Lending a Hand During Lent

03 Mar, 2021

Lent is the perfect time to remember that giving of ourselves deepens our personal relationship with God and will make the world a better place. As a Dominican community, we actively practice Lenten almsgiving and teach our students to help their brothers and sisters both here at home and around the world.

"Almsgiving is the way we share our blessings with others,” said Beth Odom, Lower School Director of Dominican Catholic Identity. “So many families are struggling today, it is important for us to reach out into our local community, and around the world, to provide help where we can. I like to tell the students that we are the hands of Jesus, working in the world today,” she said.

This year students at St. Agnes and St. Dominic are participating in two campus-wide Lenten projects: an Easter Food Drive for our friends at Project Outreach in Fayette County and the Catholic Relief Services (CRS) Rice Bowl collection.

Our campus held a successful food drive for Project Outreach at Thanksgiving, and due to the overwhelming demand for assistance they are facing, we are rallying our community to help them once again. Project Outreach, created in 1975 by a Franciscan Sister, Sr. Elaine Wicks, serves an area of Fayette County consisting of primarily working poor. The food drive runs through March 12.

The Rice Bowl program may be familiar to many of you who remember receiving the cardboard bowl as a child at mass or at school to collect pennies. This year, our ECC and Upper School students have placed bowls in their classrooms for donation collections, while students in grades K-8 received a cardboard rice bowl to collect coins at home. These bowls will be returned to school during Holy Week and added to the campus donation total.

The concept behind the Rice Bowl is not just to donate extra change that you may have, but to also participate in some small sacrifice as a way to deepen your faith. For example, instead of buying a candy bar when they crave something sweet, the child can put that money into the rice bowl. To participate in this drive, our ECC students are “doing good deeds” at home to earn quarters which they will turn in weekly to the rice bowl collection.

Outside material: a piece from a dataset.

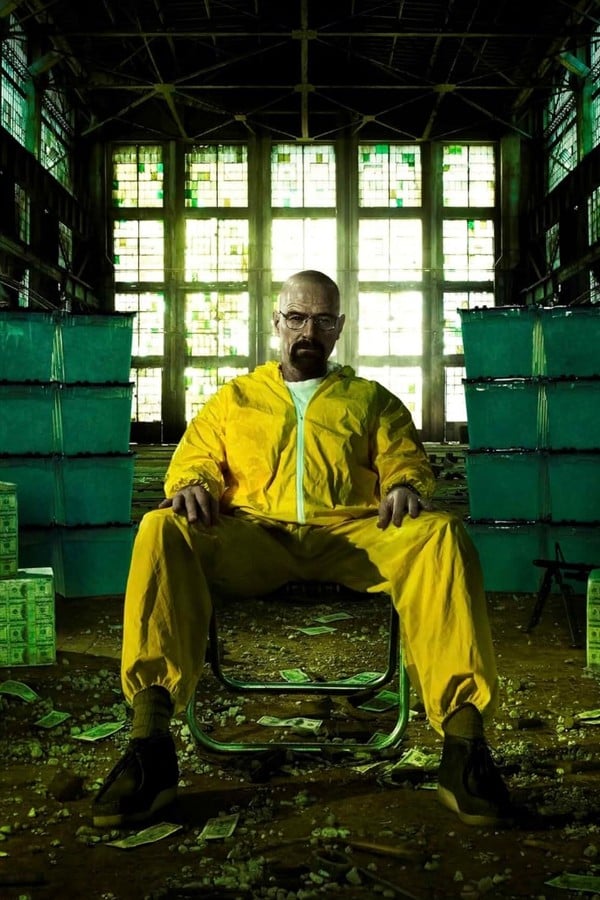 Breaking Bad Universe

Having gotten its start in 1975, the Rice Bowl concept began as Catholics were looking for a way to respond to famine in Africa. Donations raised through the program now +provide benefit to more than 100 countries worldwide. Twenty-five percent of donations stay in our local diocese to fight hunger and poverty. The funds are used to support projects in agriculture, water and sanitation, health and nutrition education, and micro financing for small businesses.